[Crawled caption data]

- Opening Delimiter -

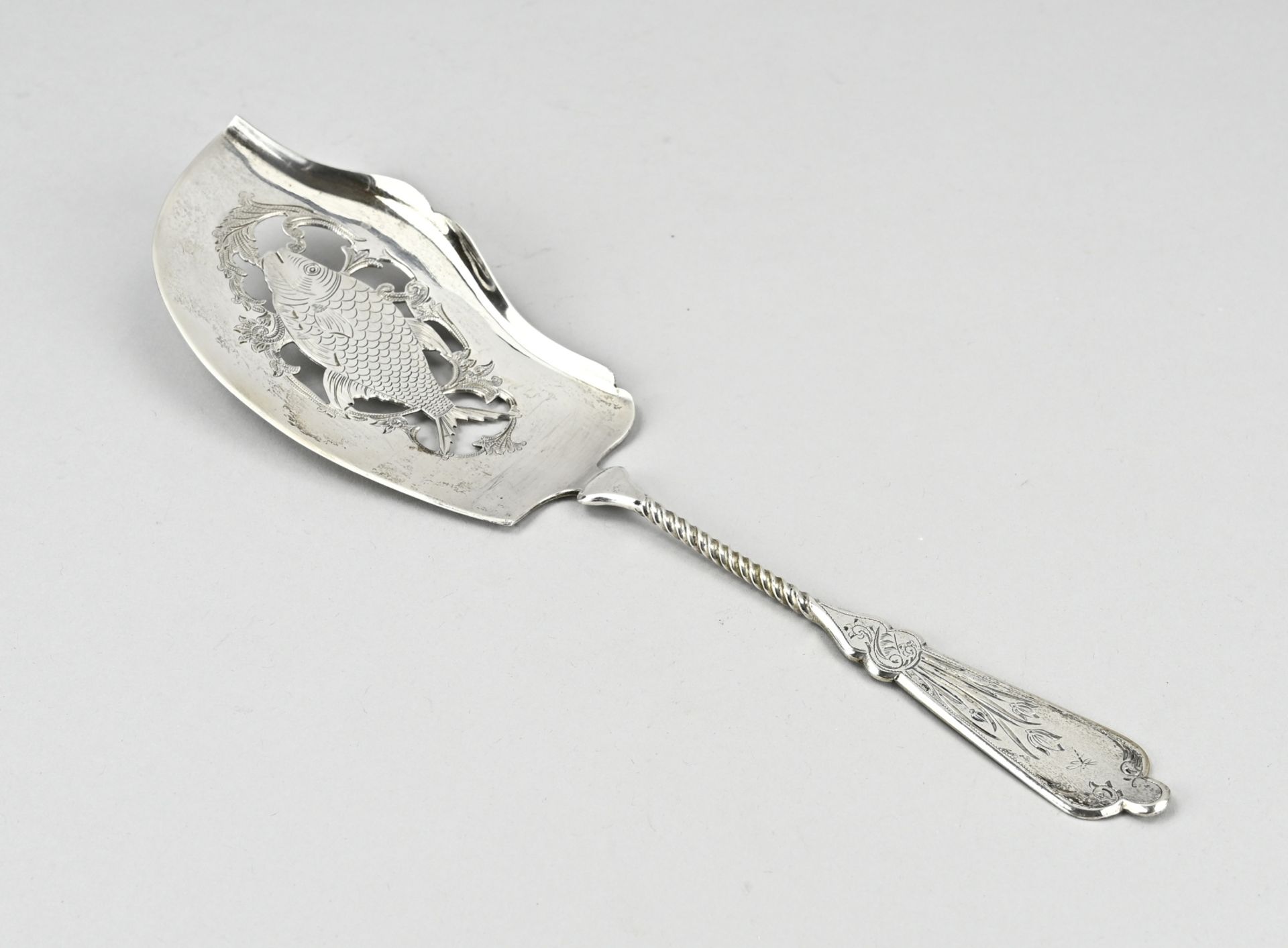 Silver fish scoop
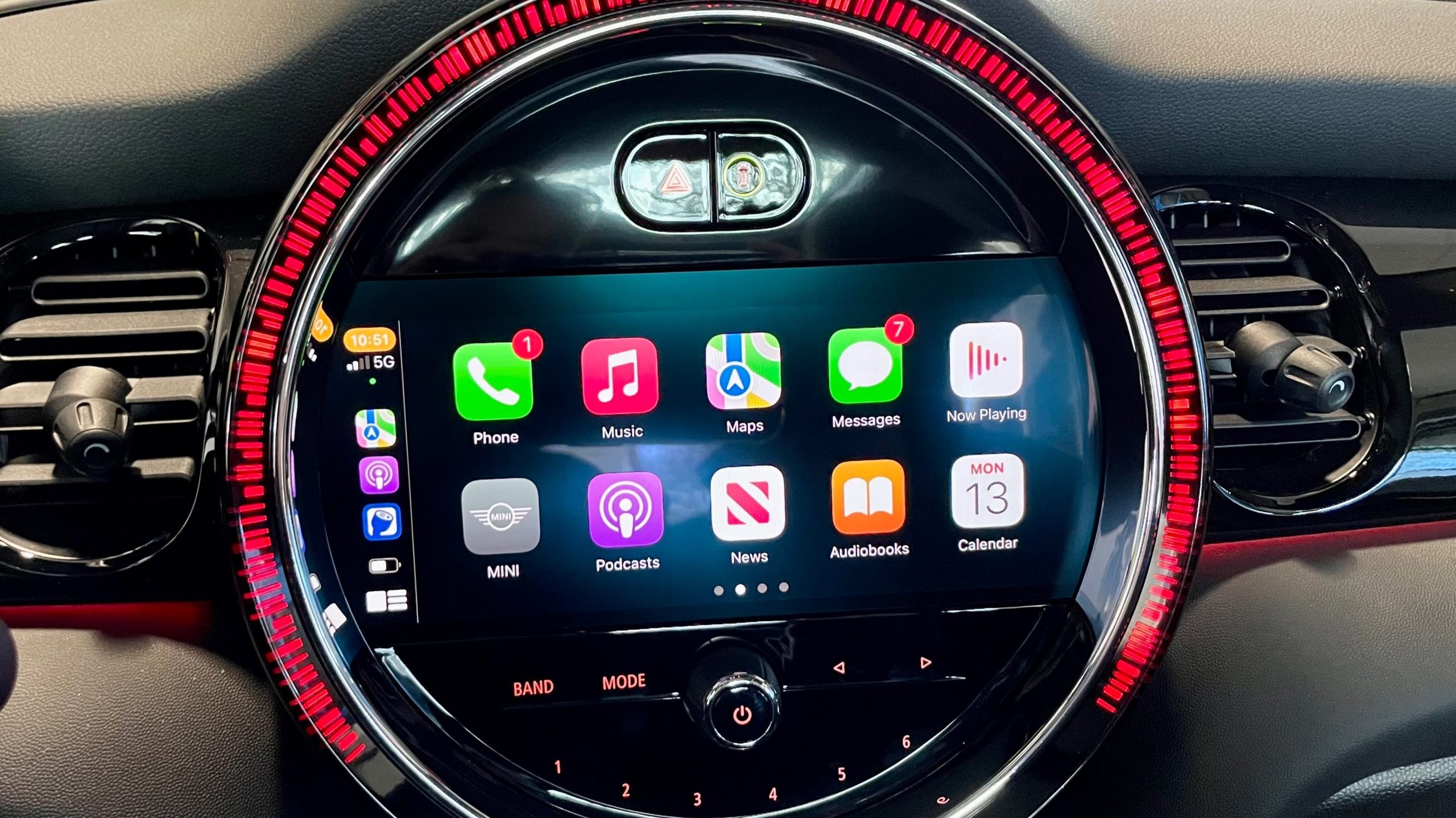 How to Turn Off Siri Suggestions in Apple CarPlay
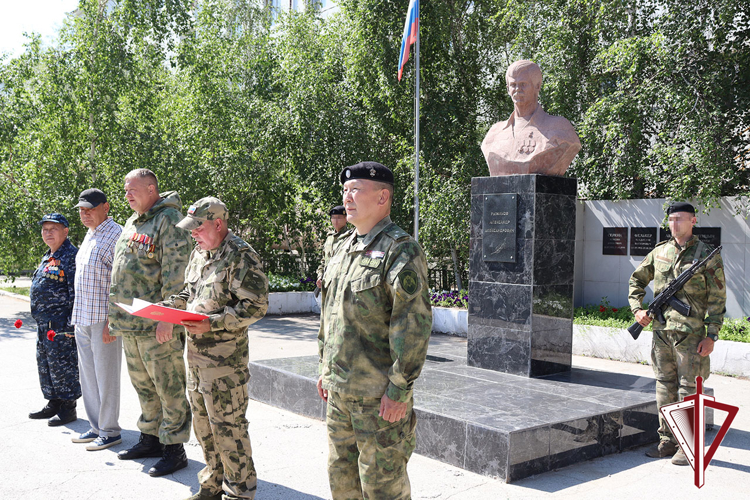 В Якутске почтили память бойцов ОМОН «Бизон» 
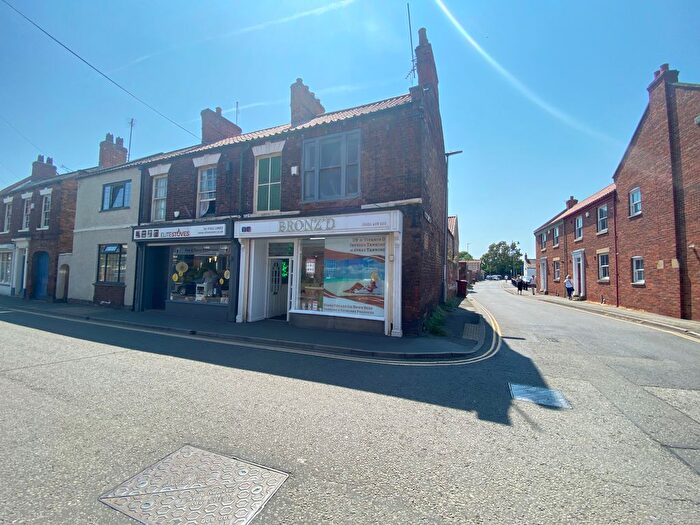2 Bedroom Flat To Rent In High Street, Barton Upon Humber, DN18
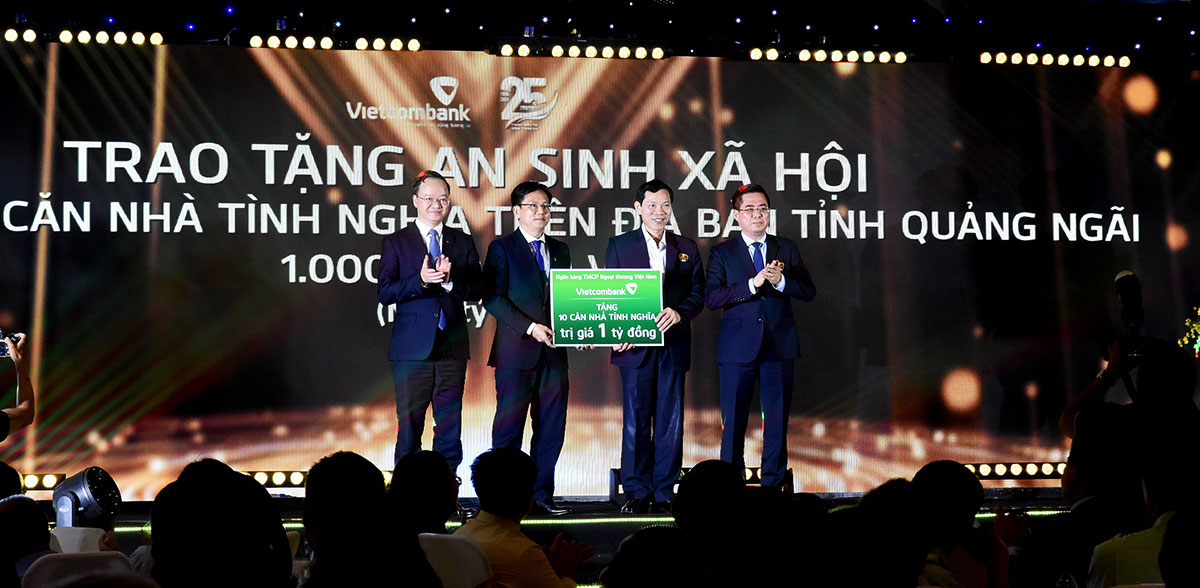 vietcombank quang ngai ky niem 25 nam thanh lap - 7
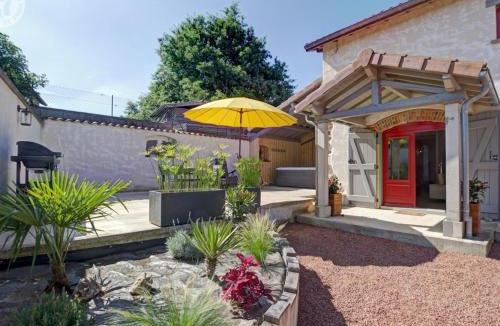 Notre-Dame-de-Boisset House | Gîte authentique avec spa et terrasse dans une grange rénovée - FR-1-496-320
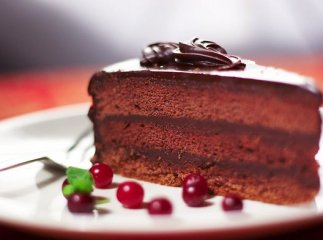 Під час благодійного аукціону ужгородці скуштують найбільший торт в історії обласного центру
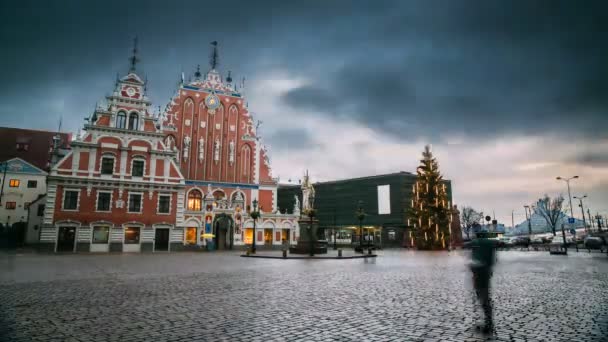 Riga, Letonia. Time Lapse Timelapse Time-lapse of Town Hall Square, lugar popular con famosos puntos de referencia en él en brillante iluminación en el crepúsculo de invierno. Año Nuevo, vacaciones de Navidad — Vídeos de Stock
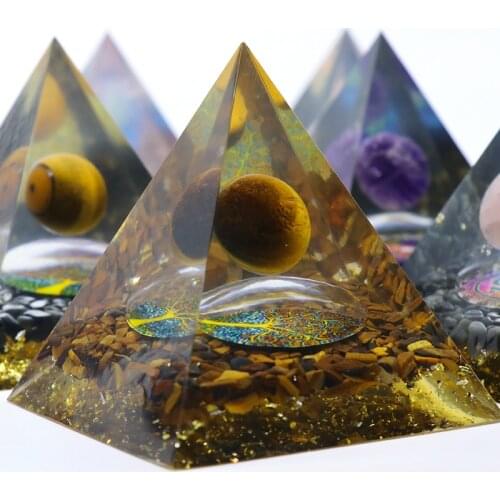 Natural Stone Ornaments Pyramidal Shape Resin Filling Natural Stone Round Beads Small Chip Stone Resin Decoration for Home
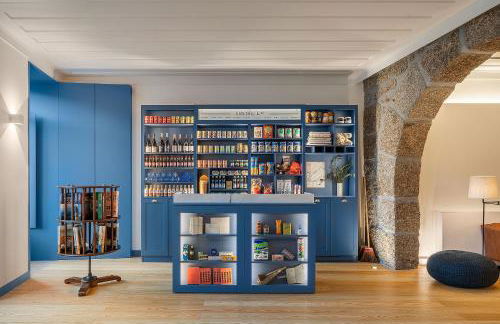 Loja Sr Costa by Casas com Estória Boutique Houses - Foto 7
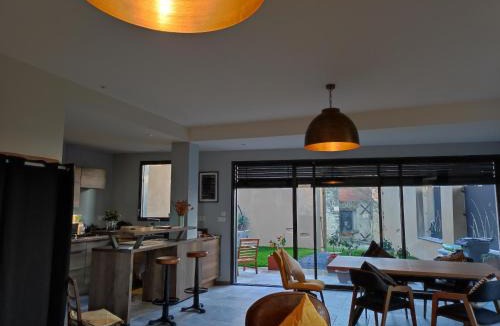 Lapenne House | le logis des abeilles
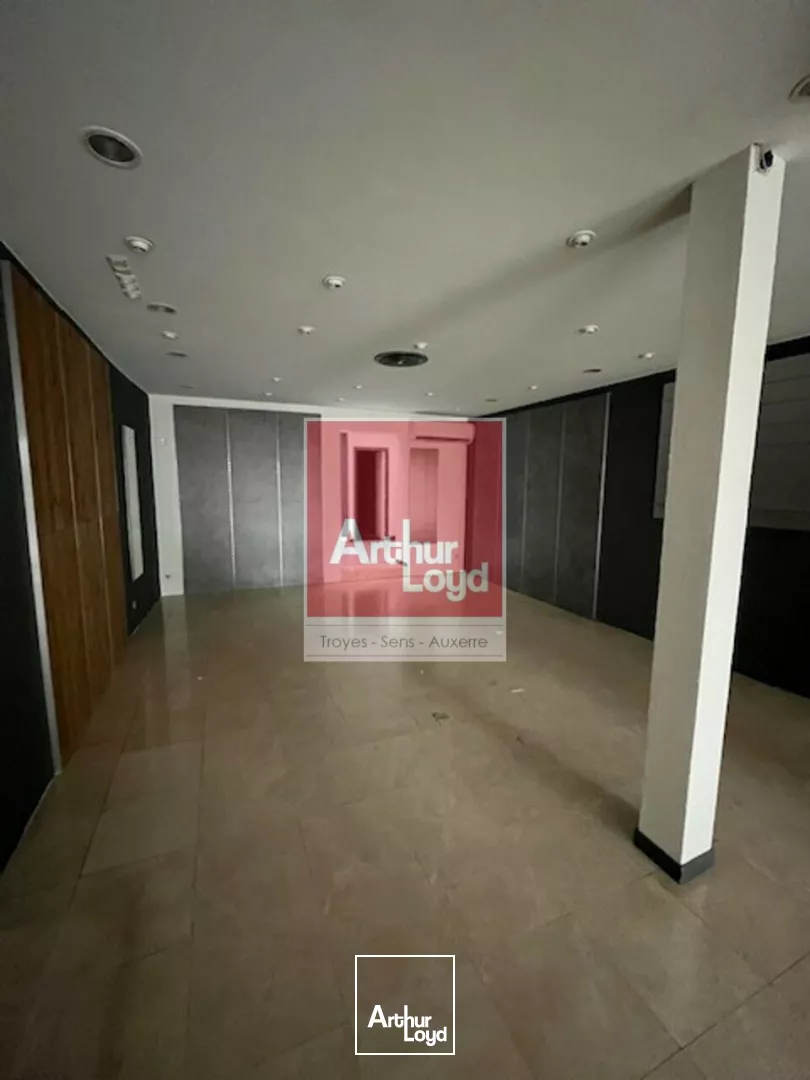SENS - Local commercial de 100m2 au centre ville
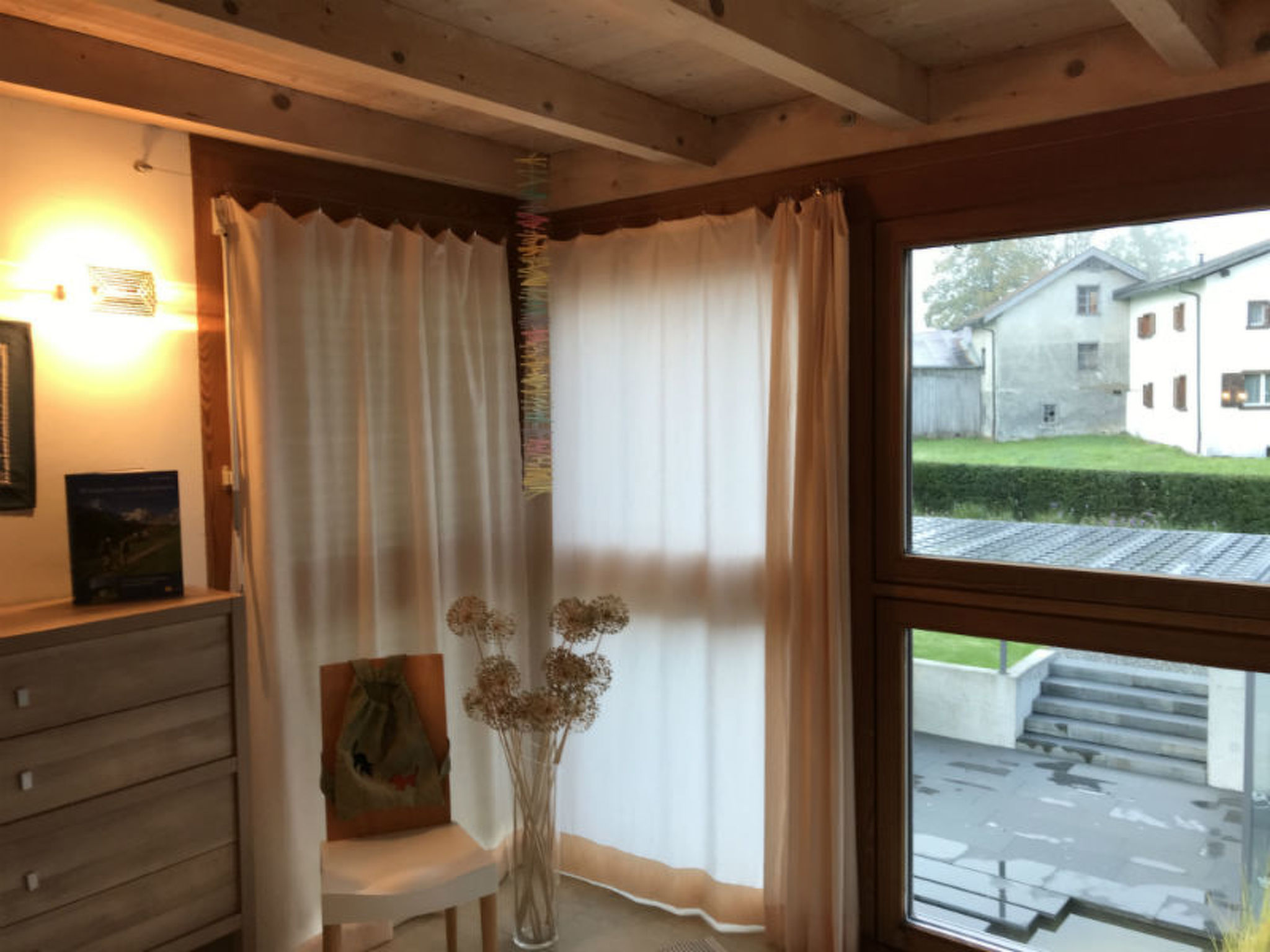 Carrera mit Traumgarten, Valendas, (Valendas). - Binnen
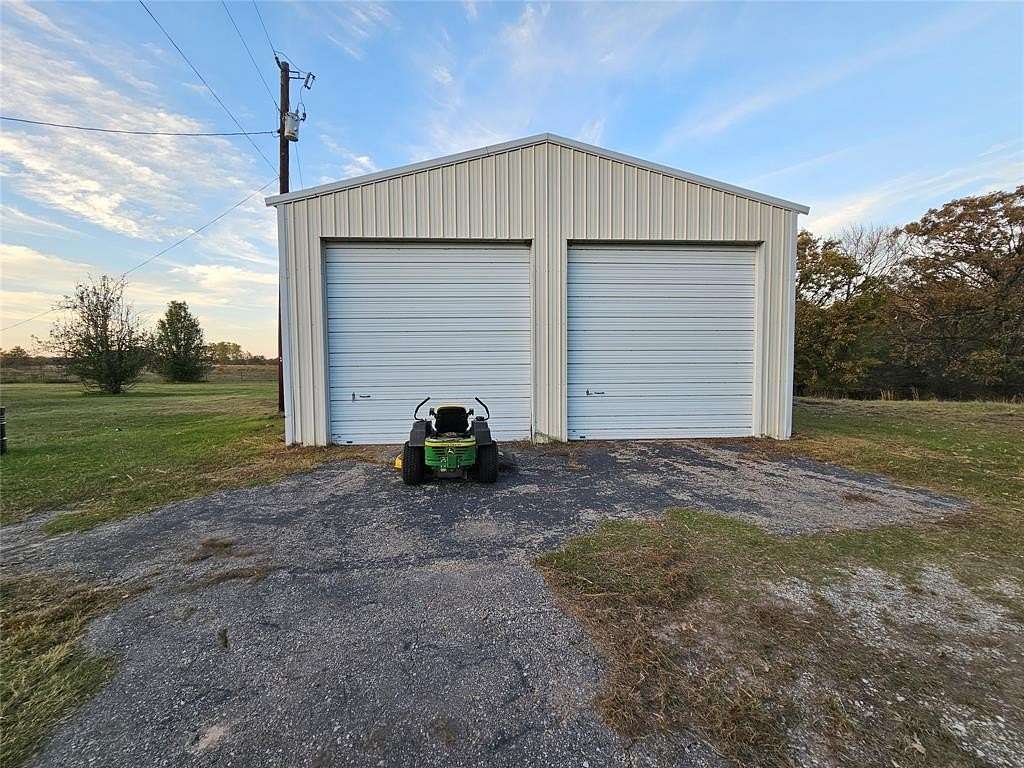 9.25 Acres of Residential Land for Sale in Emory, Texas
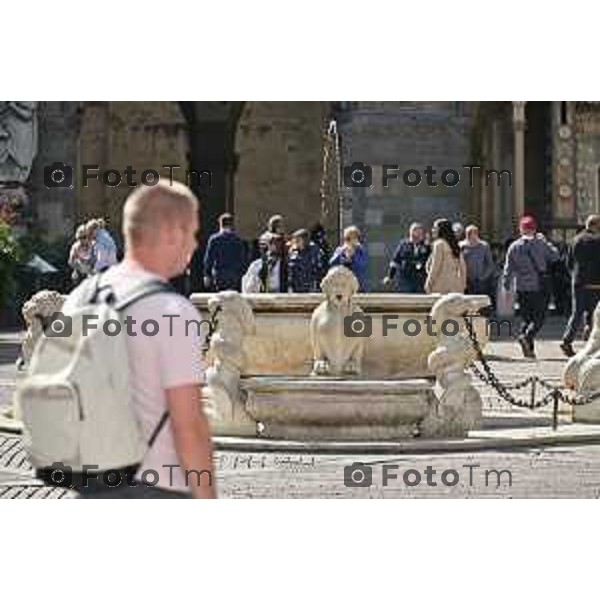 Foto Manzoni Tiziano/LaPresse 02-04-2023 Bergamo Italia- Cronaca Bergamo Bergamo citta alta piazza vecchia piccioni volo pizza bacio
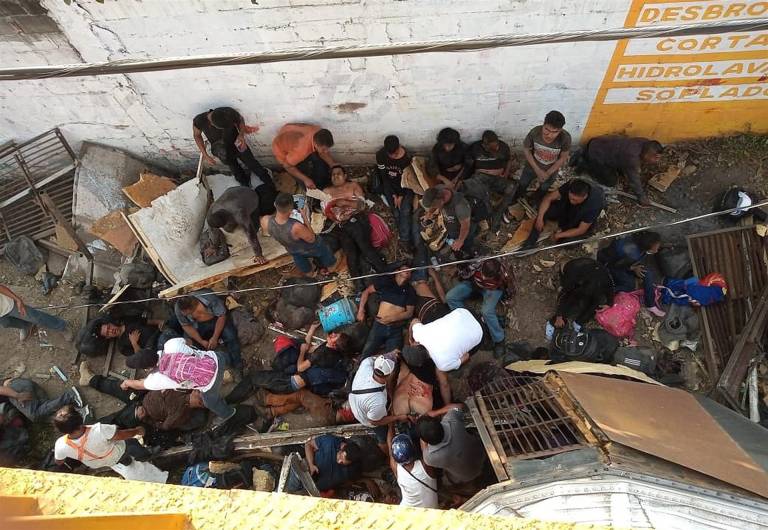 $!Mueren 49 migrantes por accidente de un camión en el sureste de México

- Closing Delimiter -

**ASSIGNED TASK**
The lines to reproduce run from the one above containing "How to Turn" through the one containing "SENS - Local". Copy them exactly and leave out all pictures.

**SOLUTION TO THE PROBLEM**
 How to Turn Off Siri Suggestions in Apple CarPlay
 В Якутске почтили память бойцов ОМОН «Бизон» 
2 Bedroom Flat To Rent In High Street, Barton Upon Humber, DN18
 vietcombank quang ngai ky niem 25 nam thanh lap - 7
 Notre-Dame-de-Boisset House | Gîte authentique avec spa et terrasse dans une grange rénovée - FR-1-496-320
 Під час благодійного аукціону ужгородці скуштують найбільший торт в історії обласного центру
 Riga, Letonia. Time Lapse Timelapse Time-lapse of Town Hall Square, lugar popular con famosos puntos de referencia en él en brillante iluminación en el crepúsculo de invierno. Año Nuevo, vacaciones de Navidad — Vídeos de Stock
 Natural Stone Ornaments Pyramidal Shape Resin Filling Natural Stone Round Beads Small Chip Stone Resin Decoration for Home
 Loja Sr Costa by Casas com Estória Boutique Houses - Foto 7
 Lapenne House | le logis des abeilles
SENS - Local commercial de 100m2 au centre ville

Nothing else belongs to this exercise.